São Luís - Maranhão, O lenço palestino enroscou no pescoço da turma descolada durante o inverno e de lá não saiu mais. No próximo verão, quem promete ocupar o posto de “acessório da estação” são as casquetes – mix de tiara e chapéu com jeitão retrô.
Tendência forte nas passarelas das semanas de moda nacionais, as casquetes – que no nordeste do país são chamadas de “gigoletes” – já ganharam as ruas. O acessório pode ser encontrado tanto nas lojas das marcas mais badaladas quanto nas mais populares.
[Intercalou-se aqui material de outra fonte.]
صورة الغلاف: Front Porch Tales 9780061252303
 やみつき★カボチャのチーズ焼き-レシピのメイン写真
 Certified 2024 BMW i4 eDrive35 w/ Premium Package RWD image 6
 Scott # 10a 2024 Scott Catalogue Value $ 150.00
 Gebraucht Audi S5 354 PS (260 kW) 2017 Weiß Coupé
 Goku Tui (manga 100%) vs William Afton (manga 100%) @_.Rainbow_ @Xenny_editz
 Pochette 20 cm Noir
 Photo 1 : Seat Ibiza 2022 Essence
A Maria Garcia, marca jovem da Huis Clos e destaque da última edição da São Paulo Fashion Week, lançou uma linha com 10 modelos do acessório. “A inspiração das peças são os shows burlescos e os salões de baile nova-iorquinos dos anos 20”, explica a estilista da grife, Camila Cutolo.
Camila conta ter usado materiais como penas, pérolas falsas e strass na confecção das suas casquetes. “A proposta da Maria Garcia é tirar do armário a roupa de festa e trazê-la para o dia-a-dia. As peças com mais brilho, com cara de noite, devem ser combinadas com looks mais despojados, como jeans e camiseta”, dá a dica.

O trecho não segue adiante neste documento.